Le forme di sapere che si propongono di conoscere il tutto falliscono miseramente e producono solo pie illusioni. Diremo che sono anche pericolose, perché, essendo conoscenza di tutto, non possono avere fuori di sé nulla e pretendono di inglobare l’altro da sé, devono per necessità avere sempre ragione e escludono come errore tutto ciò che è difforme rispetto alla totalità che pongono. In questo caso si realizza una perversa unione tra sapere e potere per cui chi è altro rispetto alla verità ufficiale viene emarginato, espulso, discriminato o al massimo tollerato con indulgenza. Si formano caste di sacerdoti del vero e del tutto, custodi dell’ortodossia che inquisiscono ogni forma di pensiero eterogenea. Tuttavia, dietro ai paramenti, dietro alla ritualità dei gesti, dietro all’oro che orna gli altari, dietro al marmo, dietro al sacro che come un manto ricopre ogni cosa, si nasconde solamente una umana, troppo umana, volontà di possedere la verità e di far trasparire ovunque la certezza di tale possesso.
A questo punto sorge una obiezione: non è forse meglio limitarsi, rimanere al di qua del confine, non sfidare la tempesta, non guardare oltre, non cedere alle lusinghe di quell’altrove indefinito? La pace non può forse essere ritrovata zittendo l’ansia del trascendente che ci divora, vivendo senza illusioni, senza troppe domande, così come viene, “alla giornata”?

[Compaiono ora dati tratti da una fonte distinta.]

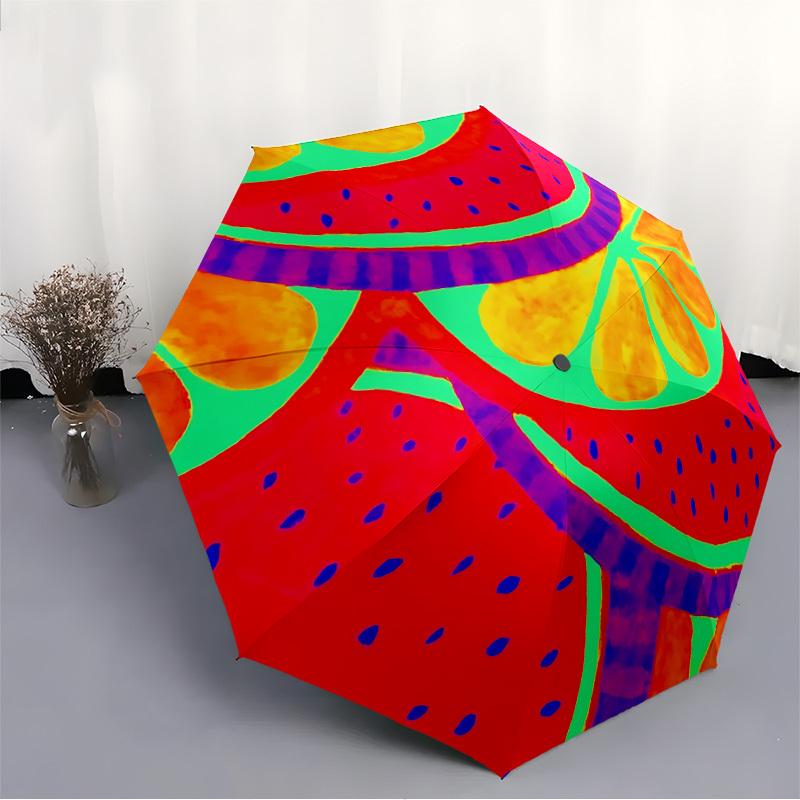 1pc Fruits Pattern Automatic Open, Sturdy Iron Frame, Compact Folding Design, All-Season Portable Umbrella for Women & Men, Outdoor Umbrella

Saremmo forse più sereni se vivessimo senza pensiero sul limite, ma è chiaro che il senso del nostro esser-qui è dato solo da quell’altrove che non potremo mai conoscere, che l’ignoto compenetra il noto e lo rende possibile, che la nostra stessa stoffa è costituita dal paradosso che dice che solo ignorando tutto potremmo sfiorare la verità. Il pensiero dunque è sempre spinta a parlare sul limite, da intendersi come confine del razionale, del conscio e dell’umano.
Se il pensiero non fosse anche estasi e delirio, se il non-senso non venisse a rallegrare la nostra esistenza, se non lanciassimo di continuo la sfida al cielo e alle stelle, se non riuscissimo a uscire dalla condizione finita e limitata che ci caratterizza, se qualcosa di non-umano non popolasse i nostri sogni, allora l’esistenza sarebbe ridotta a mero sopravvivere in un universo muto; saremmo allora forse più sereni, forse la nostra vita assomiglierebbe a quella di un animale o di un vegetale o sarebbe un semplice meccanismo, ma non potremmo accedere alle altezze per le quali ci sentiamo destinati.
Proprio nel non poter raggiungere la totalità, nel dover affrontare una fatica degna di Sisifo per l’intera esistenza, proprio nel non aver accesso a ciò che si desidera sapere più di tutto e tuttavia continuare a cercare, a viaggiare, a spingersi oltre, a oltre-passare, sta la miseria e allo stesso tempo la grandezza dell’uomo.

Solchiamo dunque l’alto mare aperto con la disperata allegria dei naufraghi come Ulisse e i suoi compagni, l’ebbrezza dello spaesamento che il viaggio porterà con sé e ciò che giureremo di aver intravisto oltre le colonne d’Ercole compenseranno – forse – l’impossibilità e la vaghezza della meta!